Cuando Zhao Shanhong limpió su boca, sus ojos se volvieron rojos y masticó: "¡Finalmente me tratan bien! ¡Me hicieron beber un buen vino!"
El joven venerable le dijo indiferentemente: "Podremos darte más vinos cuando nos veamos de nuevo. Te daré suficientes."
La sorpresa en los ojos de Liu Nerong se desvaneció rápidamente. En sus pensamientos, este joven venerable no formaba parte de ningún grupo dentro del Pecio, era uno de muy pocos que vivían solos. Su poder y prestigio eran menores que los de Zhao Shanhong y otros que se agrupaban juntos. Ahora el Pecio estaba dividido en varios grupos, con esos dos ancianos detrás como sus fieles seguidores. Sin embargo, este joven venerable no había mostrado signo alguno de apoyo a Liu Nerong o Zhao Shanhong hasta ahora. En la mayoría de las cuestiones del Pecio, ambos ancianos estaban de acuerdo con Liu Nerong, pero el grupo de Zhao Shanhong estaba formado por otros cuatro venerables sirvientes y similares, que se enfrentaban a Liu Nerong regularmente. Hay dos grupos más pequeños pero poderosos que a menudo se aliaban entre sí, uno llamado la serie de Cuchillos del Norte y el otro conocido como los funcionarios administrativos, en cuyo liderazgo anterior estaba Song Yan, secretario especial de Yuanzhou, y en su lugar ahora estaba Chang Sui.

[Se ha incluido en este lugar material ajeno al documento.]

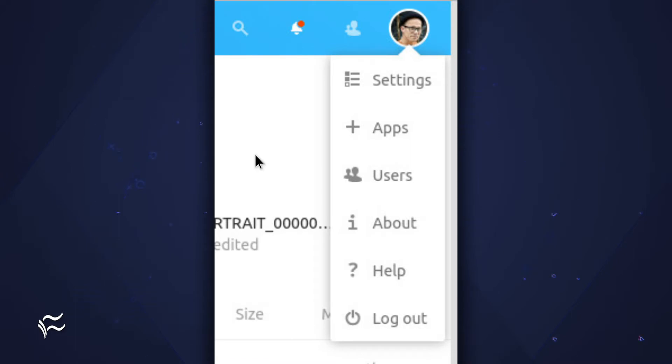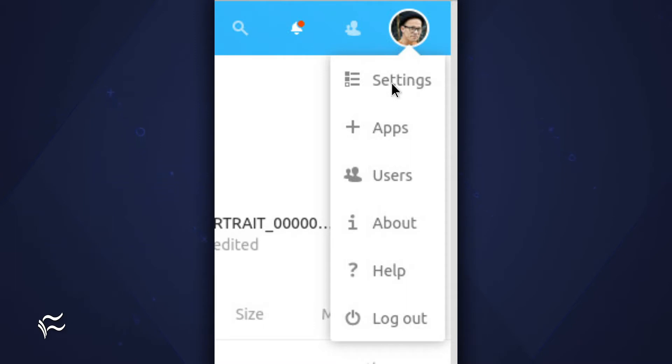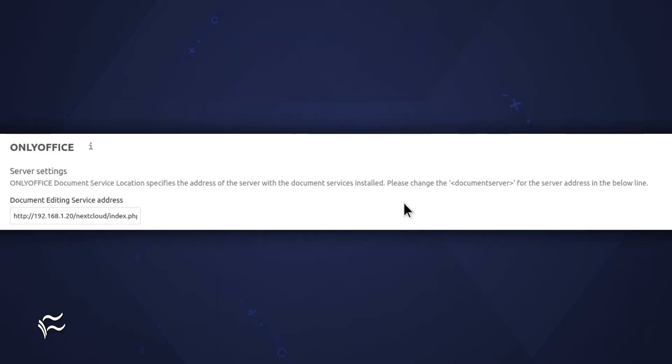Once you've done that, click your profile icon in the upper right corner and select Settings from the dropdown. In the resulting window, click OnlyOffice under the Administration menu. You will then be presented with the document edited service address. Copy that address.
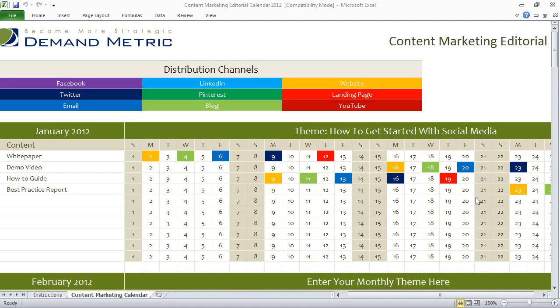So the way the tool works is: now that you've listed all of the different pieces of content that you'll be using and the distribution channels, you just simply have to format paint the dates where communications will be going out about each piece of content.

El Pecio era un lugar lleno de todo tipo de gente. El nombre de la secta que había elegido su padre, "Pecio", se había hecho realidad.
A pesar de eso, el Pecio siempre se mantuvo alerta después del incidente anterior y algunos poderosos personajes habían sido purgados recientemente. Los hombres como Zhao Shanhong no osaban enfrentarse directamente a Liu Nerong por ahora, ya que sabían que si causaran problemas en la secta, incluso la Casa de Frio estaría alerta. Aunque era evidente que Liu Nerong y el joven Príncipe no estaban relacionados, la Casa de Frio probablemente enviaría a algunos espías y asesinos para vigilarlo.
En resumen, el Pecio se sentía como un lugar lleno de gente que trataba con gente. A Liu Nerong le había costado mucho tiempo entender por qué esa persona no había nombrado a nadie que pudiera reemplazarla en la secta. Al principio pensó que era para facilitar el control de un estado subterráneo en el Norte, pero después de que el Pecio prosperara, esta persona nunca lo dejó solo.
Liu Nerong estaba desilusionada con este mundo que no era como el que soñaba cuando era joven.